Hi, I’m finding a problem with the code from the Hugging Face course, " Write your training loop in PyTorch" when the program runs the statement: optimizer.step(). I verified that the code is exactly the same as that in the Hugging Face video. I’d be grateful if anyone has a solution that can fix the issue.
The code is below:
from tqdm.auto import tqdm
progress_bar = tqdm(range(num_training_steps))
model.train()
for epoch in range(num_epochs):
for batch in train_dataloader:
batch = {k: v.to(device) for k, v in batch.items()}
outputs = model(**batch)
loss = outputs.loss
loss.backward()
optimizer.step() ← error occurs here. I got same error on Google Colab & Intel server w/GPU)
lr_scheduler.step()
optimizer.zero_grad()
progress_bar.update(1)
This is the Runtime Error trace from Google Colab:
RuntimeError Traceback (most recent call last)
in <cell line: 6>()
10 loss = outputs.loss
11 loss.backward()
—> 12 optimizer.step()
13 lr_scheduler.step()
14 optimizer.zero_grad()
3 frames
/usr/local/lib/python3.10/dist-packages/torch/optim/lr_scheduler.py in wrapper(*args, **kwargs)
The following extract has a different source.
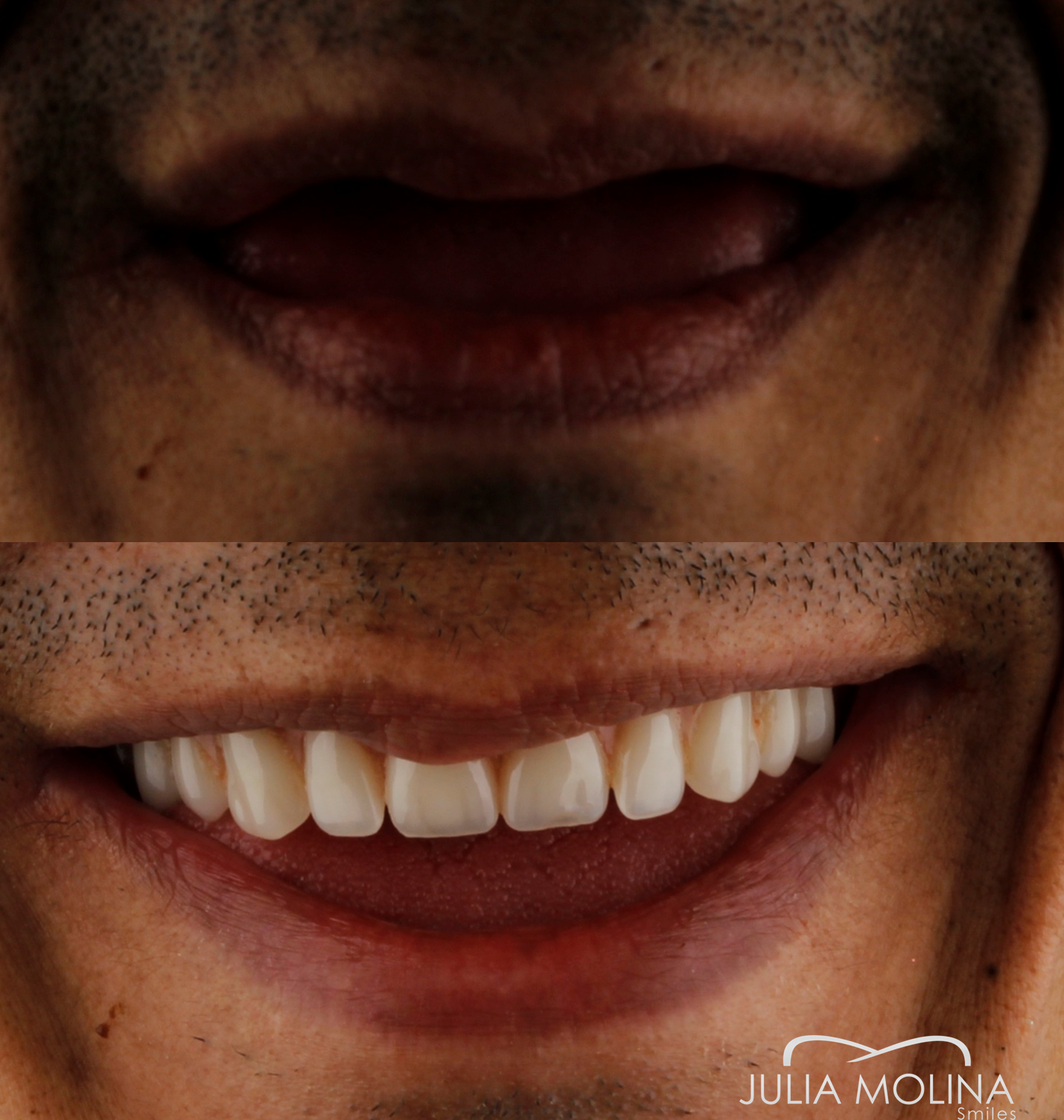 Antes y después tratamiento dental Dr Julia Molina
73 instance._step_count += 1
74 wrapped = func.get(instance, cls)
—> 75 return wrapped(*args, **kwargs)
76
77 # Note that the returned function here is no longer a bound method,
/usr/local/lib/python3.10/dist-packages/torch/optim/optimizer.py in wrapper(*args, **kwargs)
383 )
384
→ 385 out = func(*args, **kwargs)
386 self._optimizer_step_code()
387
/usr/local/lib/python3.10/dist-packages/torch/utils/_contextlib.py in decorate_context(*args, **kwargs)
113 def decorate_context(*args, **kwargs):
114 with ctx_factory():
→ 115 return func(*args, **kwargs)
116
117 return decorate_context
/usr/local/lib/python3.10/dist-packages/transformers/optimization.py in step(self, closure)
574 # Decay the first and second moment running average coefficient
575 # In-place operations to update the averages at the same time
→ 576 exp_avg.mul_(beta1).add_(grad, alpha=(1.0 - beta1))
577 exp_avg_sq.mul_(beta2).addcmul_(grad, grad, value=1.0 - beta2)
578 denom = exp_avg_sq.sqrt().add_(group[“eps”])
RuntimeError: Expected all tensors to be on the same device, but found at least two devices, cuda:0 and cpu!